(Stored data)
►

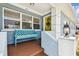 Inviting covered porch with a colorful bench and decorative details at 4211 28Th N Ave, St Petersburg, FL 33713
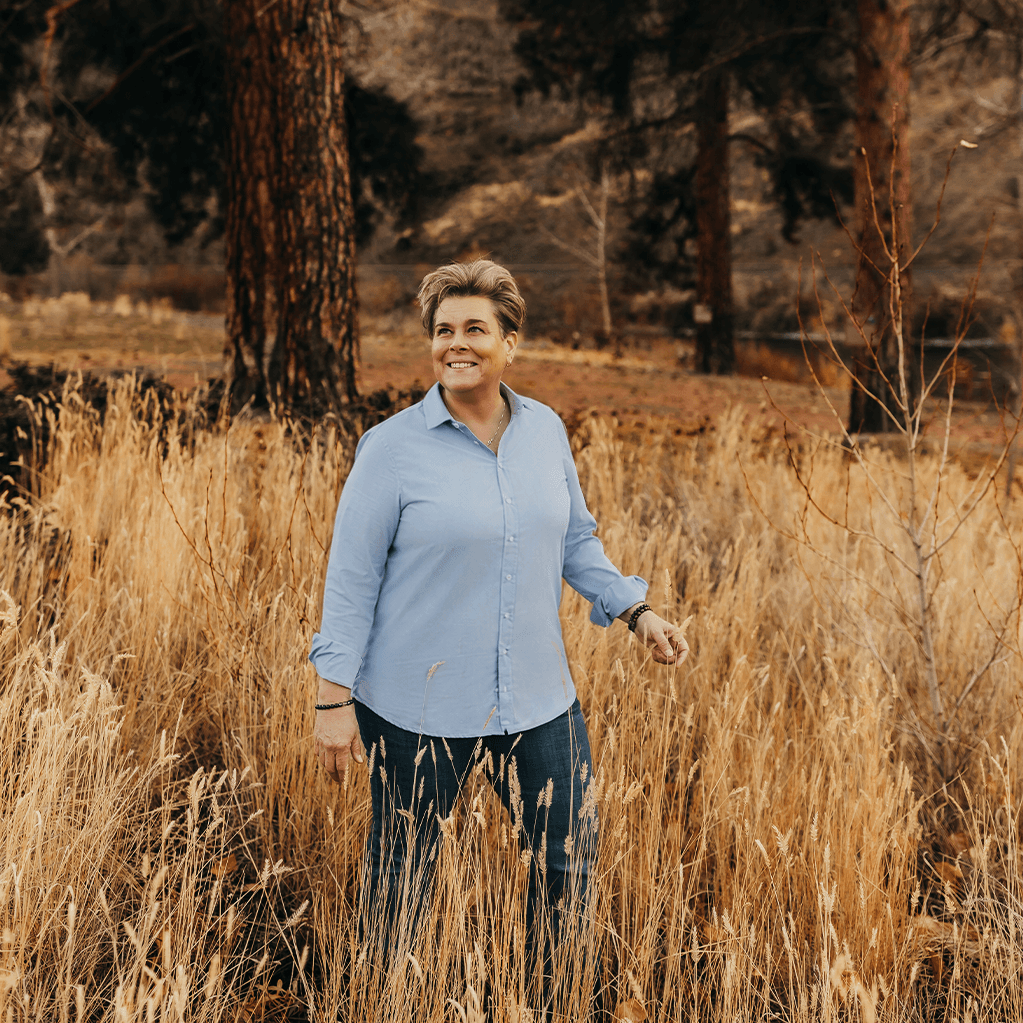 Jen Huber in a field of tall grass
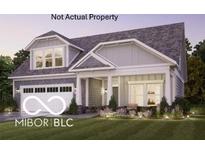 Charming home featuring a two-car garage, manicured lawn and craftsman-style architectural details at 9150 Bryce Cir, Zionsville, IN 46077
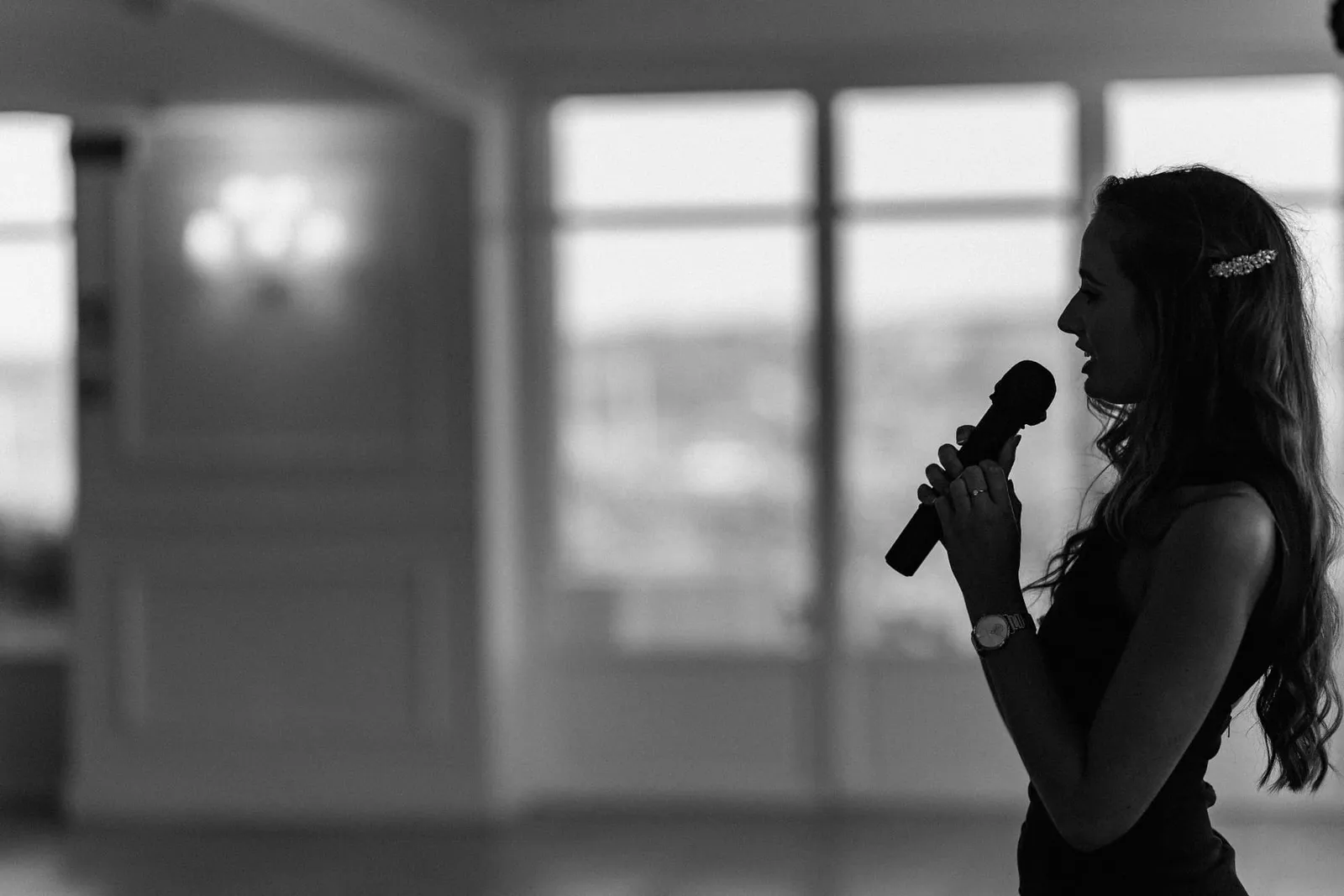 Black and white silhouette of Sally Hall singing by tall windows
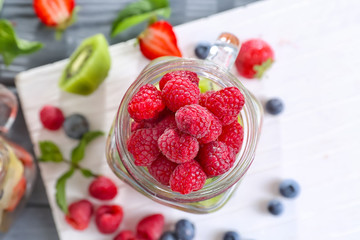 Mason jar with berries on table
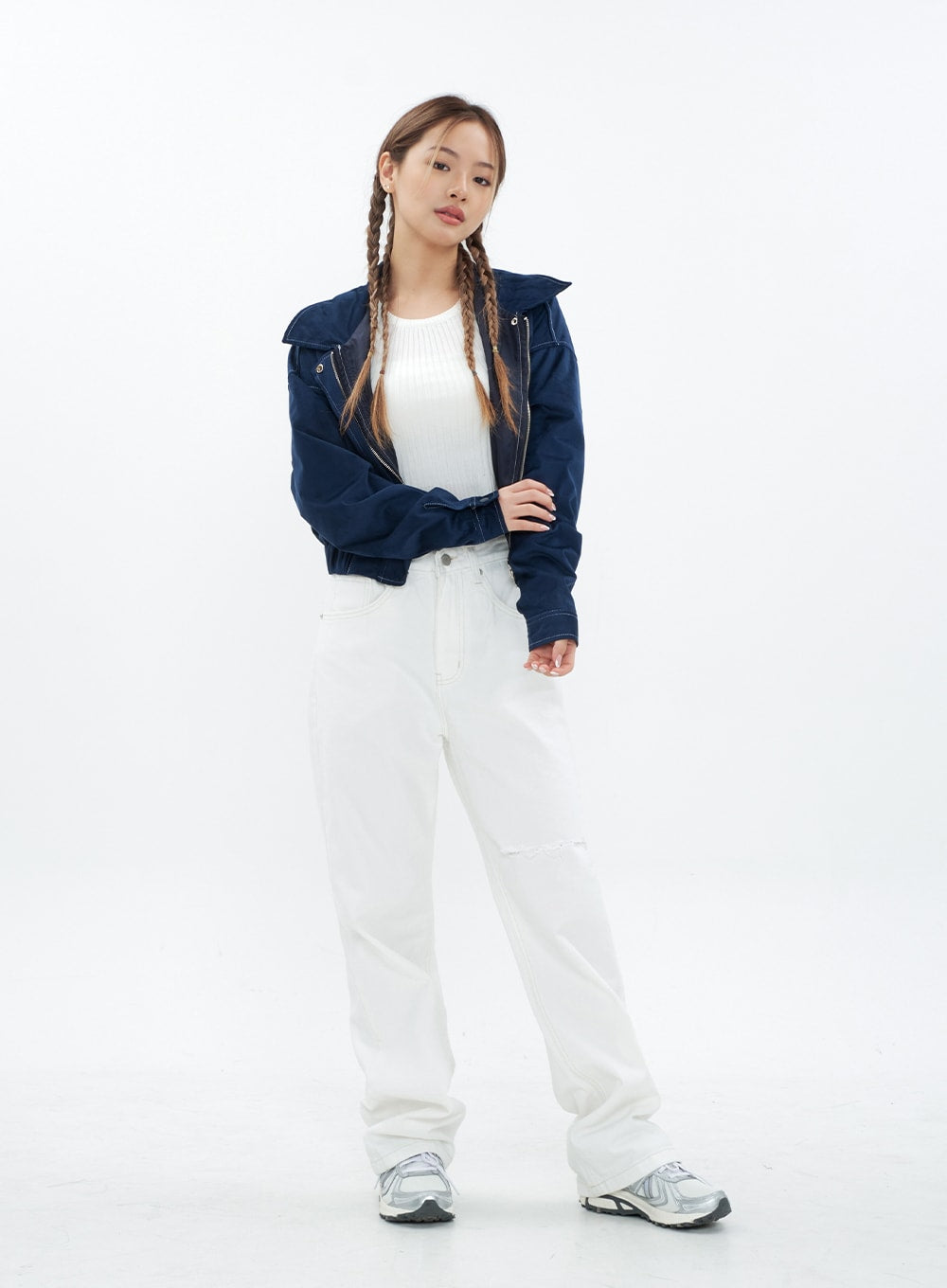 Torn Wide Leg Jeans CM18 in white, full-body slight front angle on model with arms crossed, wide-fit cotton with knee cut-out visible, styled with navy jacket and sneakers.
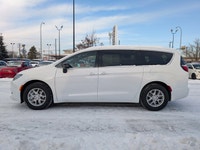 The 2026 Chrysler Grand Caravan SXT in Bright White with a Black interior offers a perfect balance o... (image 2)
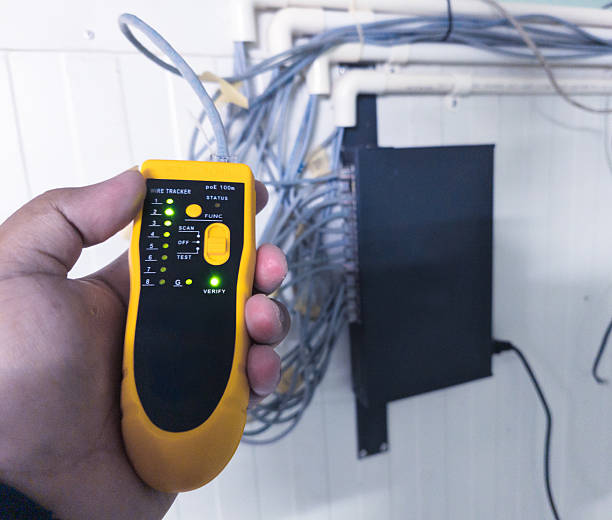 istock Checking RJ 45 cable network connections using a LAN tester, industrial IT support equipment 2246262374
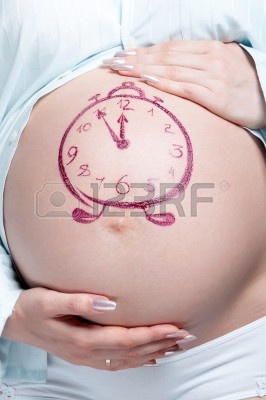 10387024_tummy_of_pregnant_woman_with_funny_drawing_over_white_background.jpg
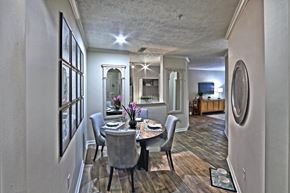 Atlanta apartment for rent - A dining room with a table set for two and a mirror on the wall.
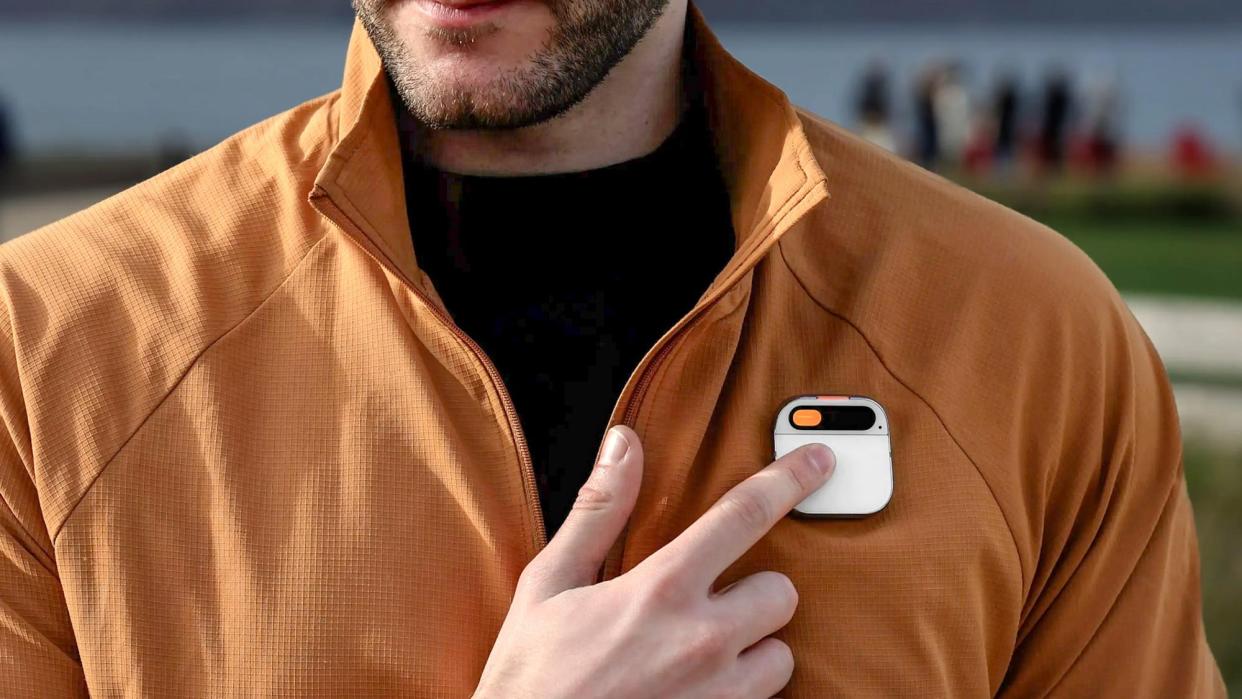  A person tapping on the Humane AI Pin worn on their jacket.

◄

**EXERCISE:**
Copy the lines above between the one holding "Torn Wide Leg" and the one holding "The 2026 Chrysler", inclusive. Drop the pictures.

**TASK RESULT:**
 Torn Wide Leg Jeans CM18 in white, full-body slight front angle on model with arms crossed, wide-fit cotton with knee cut-out visible, styled with navy jacket and sneakers.
 The 2026 Chrysler Grand Caravan SXT in Bright White with a Black interior offers a perfect balance o... (image 2)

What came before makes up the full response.